Netflix is releasing two Stephen King film adaptations. Gerald’s Game, which came out last Friday, and 1922, which is coming out on the 20th. They both can be enjoyed in the comfort of your own home during this Halloween season.
Recently, I watched the home-invasion thriller Hush, directed by Mike Flanagan (Oculus). I was really impressed what he did with the movie. Featuring minimal dialogue; not to mention a deaf protagonist (different for the horror genre), he never lets up the suspense. Everyone can relate to this movie about having the feeling that somebody maybe watching you. However, in Flanagan’s latest, Gerald’s Game, the main fear is losing someone close, as well as the past.
Jessie (Cara Gugino) and Gerald Burlingame (Bruce Greenwood) are a middle-aged couple struggling to keep their marriage afloat. They decide to spice things up a bit for the weekend at a lake house in the middle of nowhere. While having sex, Gerald handcuffs Jessie to the bedpost. She thinks Gerald has taken things too far. “This is turning into some rape fantasy I never knew you had,” she tells him.
Then, the unthinkable happens. Gerald dies from a heart attack; leaving Jessie still in handcuffs. Spending hours on end yelling for help with any lack of thirst, Jessie begins to hallucinate and have terrible dreams.

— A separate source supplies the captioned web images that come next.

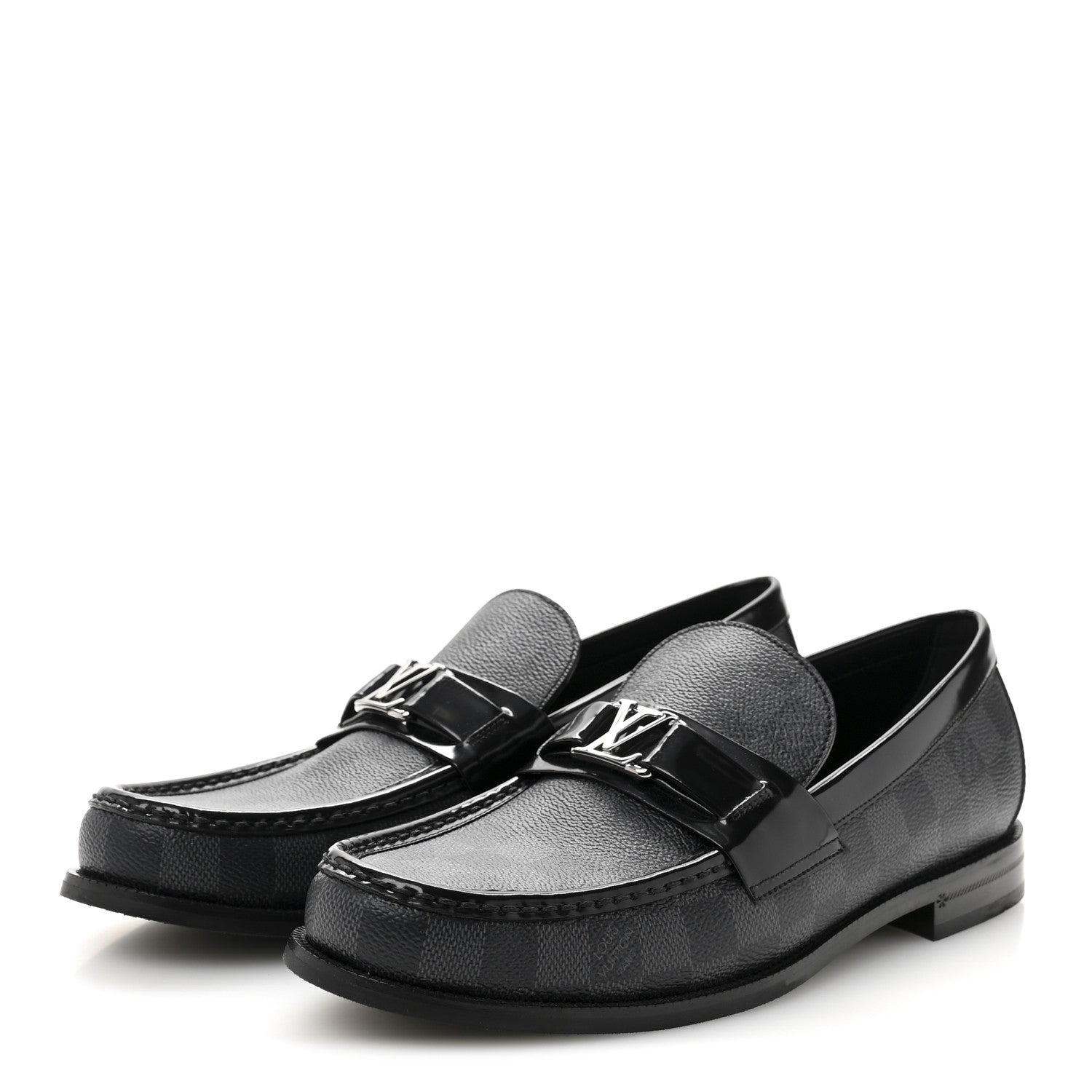 Louis Vuitton Damier Graphite Calfskin Mens Major Loafers 8 4 of 9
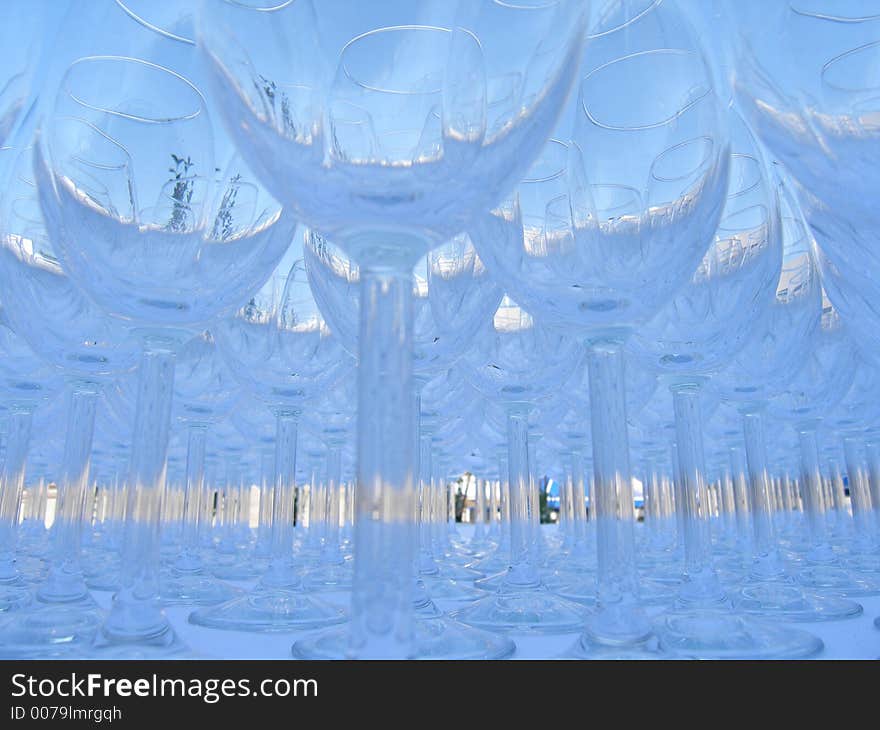 Mystical background with glasses on a table. Mystical background with glasses on a table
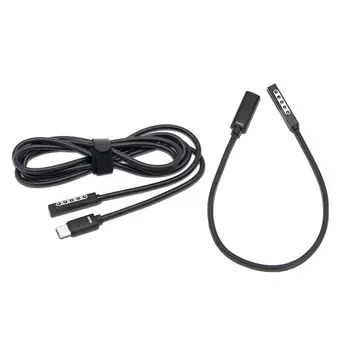USB C Тип C Женский или мужской адаптер питания, кабель для зарядки, шнур для Surface 1/2/Поверхность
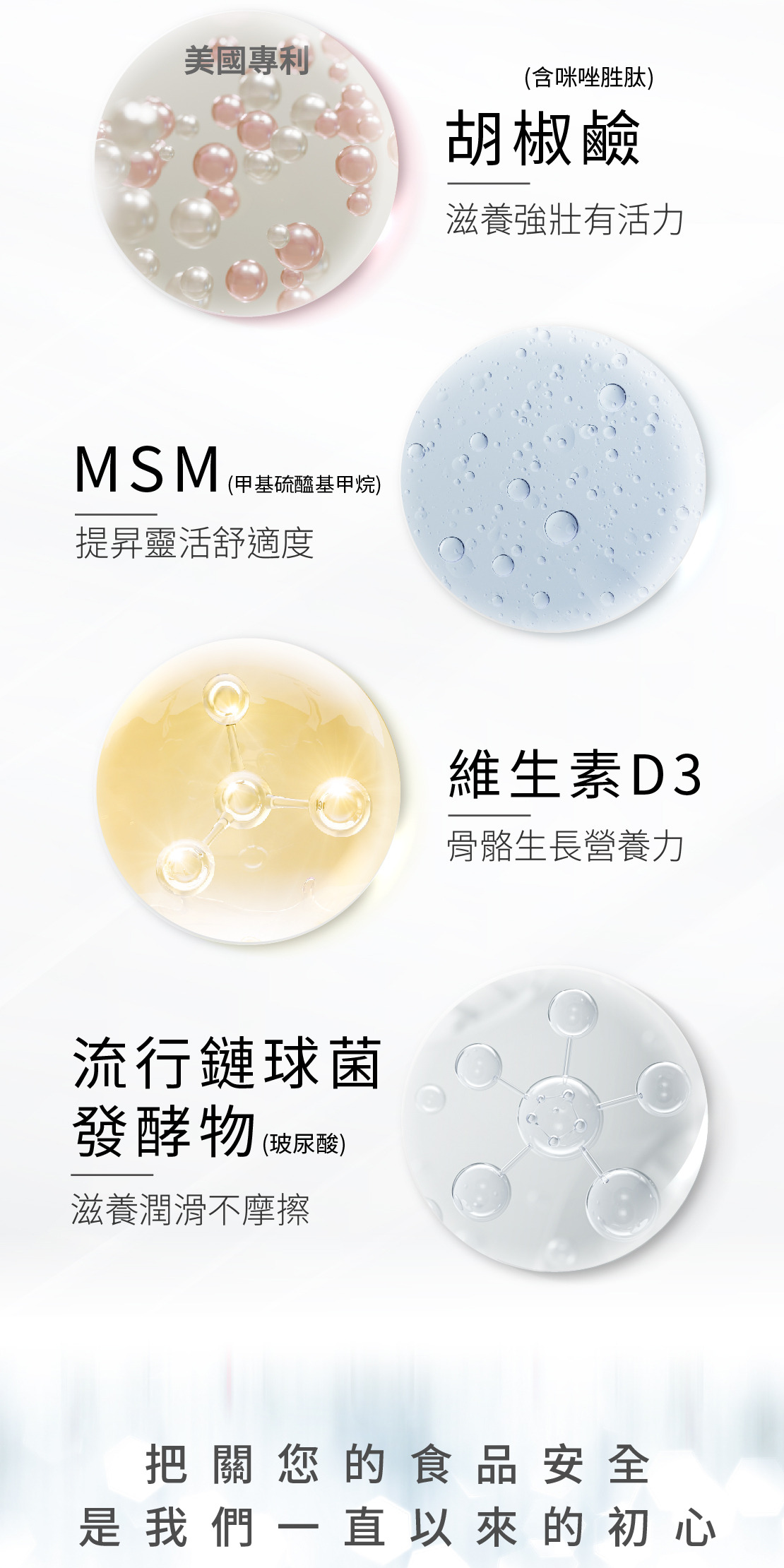 13張多國功效專利｜甲基硫醯基甲烷MSM、維生素 D3、胡椒鹼、流行鏈球菌發酵物(玻尿酸)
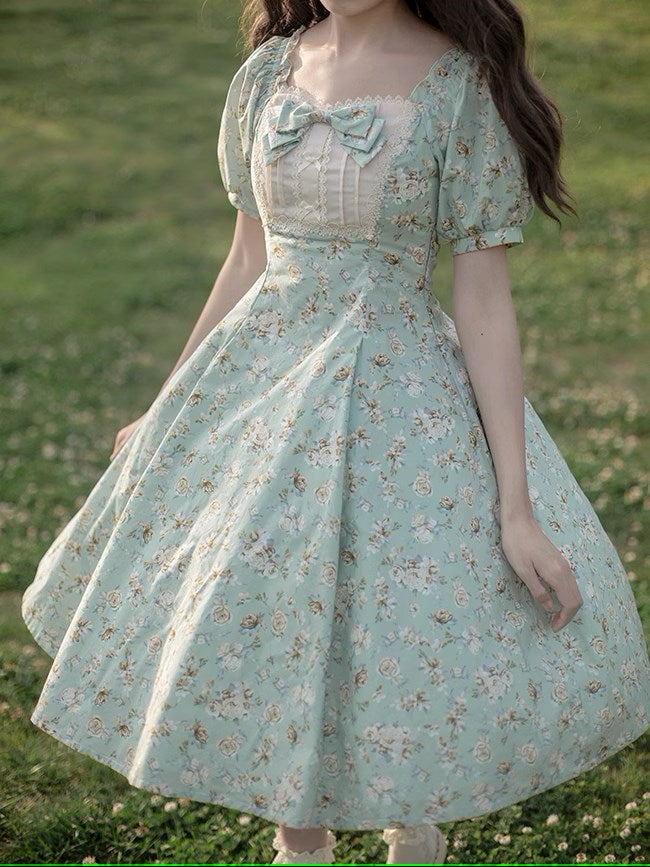 Floral Poetry Classical Short Sleeve Dress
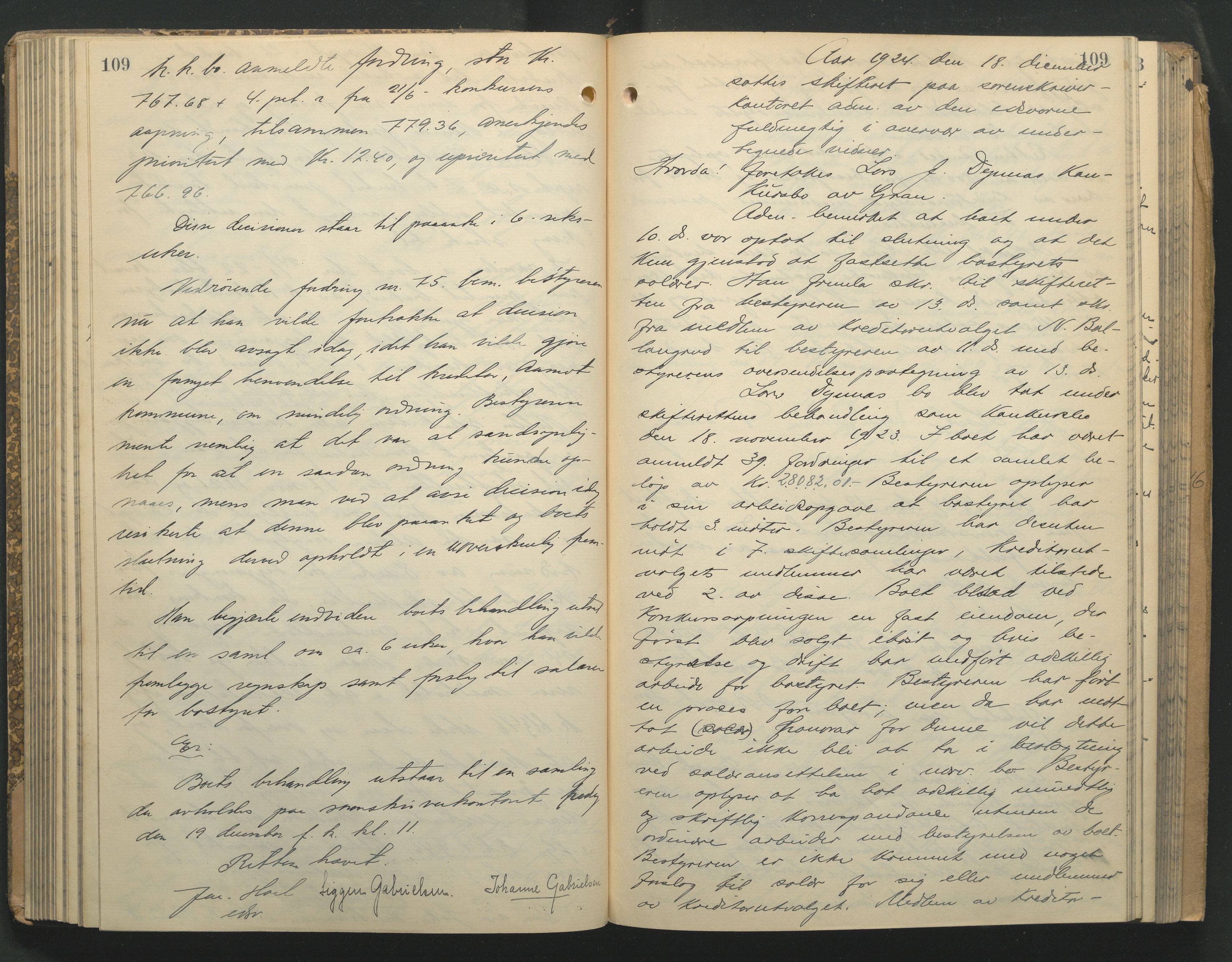 Hadeland og Land tingrett, AV/SAH-TING-010/J/Jc/L0011: Skifteforhandlingsprotokoll, 1916-1930, p. 109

She begins to fight for her life.
Since its 1992 publication, Gerald’s Game has been deemed as “unfilmable”. Fast forward to 2017, where anything can be possible. Flanagan simply breaks that barrier, and turns one of King’s least popular books into a disturbing work of art. His bag of tricks come to good use here. For instance, the use of the red filters during Jessie’s shocking flashbacks of her as a little girl anticipating the solar eclipse with her father (Henry Thomas, Elliott from E.T.) over the lake.
Carla Gugino and Bruce Greenwood are at the top of their game here. Greenwood, an understated actor, has starred in plenty of films for many years, from Racing Stripes to Eight Below to Star Trek to Flight, among others. His turn as Gerald is one of the best of his career. As for Gugino, it’s hard to imagine the physical and emotional pain she had to endure.
While Gerald’s Game is far from perfect (the final act is a little weird), this white-knuckling psychological thriller is what 50 Shades of Grey should have been.